Inchworm is the novella you’ve yet to write, the bedtime story you will one day tell, and the fanciful version of your life that you live only in your head. Culled from the hearts and minds of Chicago’s most underrated tavern troubadours and best-kept secrets, the group’s inception itself is the stuff of dusty legend.
In the summer of 2003, guitarist and vocalist Matthew Baugher was given a son's nightmare of a summer job: travel deep into the Southern Illinois valley to restore and renovate his father's ill-purchased Lake Paradise cabin. Fearing years of hard labor on his own, Matthew enlisted the help of three trusted friends from the Chicago independent music scene: Brian Morrissey, Mike Holtz, and Dan Ingenthron. With implements and instruments in hand, the wrecking crew rock band that would become Inchworm was born somewhere along a desolate stretch of I-57.
The boys spent the entire summer of 2003 hammering and harmonizing, composting and composing, scrubbing and scratching together the kind of music that the time-forgotten cabin seemed to be longing for – organic, folk-laden pop with reverent undertones of ragged blues and barroom psychedelia. With the established pattern of long working days and longer jamming nights as comfortable as their worn-in jeans, the quartet soon neared the end of the summer and the completion of their task.
Only one area on the property remained untouched, and for good reason: it was rumored that the cabin's attic was haunted by the ghost of a pianist who had entertained patrons at the Green Parrot Saloon in Paradise Township. Sometime during the years following prohibition, the pianist was murdered in the cabin by a jealous lover and the soul of the place seemed to die with him. The musty room sagged with sorrow; a melancholy, tuneless song on a decrepit piano. In respectful silence, the boys attended to their task. They opened windows, swept away decades of dust, and let the sunlight shine in on a half-century of darkness.
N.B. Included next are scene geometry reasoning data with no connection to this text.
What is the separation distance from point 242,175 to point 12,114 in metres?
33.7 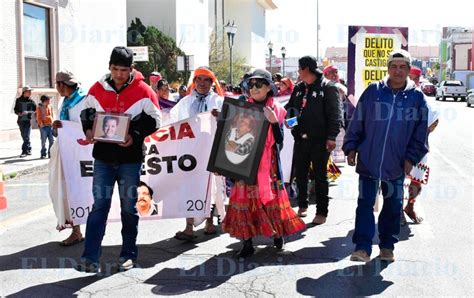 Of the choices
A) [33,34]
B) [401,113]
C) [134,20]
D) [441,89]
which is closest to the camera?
[401,113]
In the bottom of a steamer trunk, they found a sepia-toned photograph of four men proudly holding their instruments in the parlor of the Green Parrot. At the center of the photo, the ill-fated piano player's sly smile was framed by the group's name on the drummer's bass drum: Inchworm. Slowly, smiles crept across the young men's faces and Baugher cautiously hummed a melody. Morrissey and Ingenthron soon joined him, Holtz tapping out a beat with a pair of old coat hangers on that old trunk in the corner of the room. The song swelled louder and louder with all of the heart and pride and joy that had been locked up in that room for so many years, and somewhere in the background, each man agreed that he'd heard a honky-tonk piano.
Almost 5 years later, the DIY spirit that incubated that long-ago summer remains alive and well in Inchworm. Sheep in Wolf’s Clothing was written and recorded by Inchworm in the places that inspire them most – their homes, hangouts, and the habitat they call Chicago. Creating a mood is as important as crafting a melody to Inchworm - soaring harmonies and atmospheric tones color songs like “Simple Days Without Money” and “Learn to Grift,” while “Green House Grown” saunters along like a Tom Waits melody with a Bourbon Street hangover. In just six songs, the band proves that the ability to translate one’s ideas from the rehearsal space to tape is a skill that’s all to often overlooked in today’s world of pricey studios and sound-altering producers. When a band can express itself as intimately and completely as Inchworm has on Sheep in Wolf’s Clothing, the result is a cohesive, translatable, and memorable musical statement.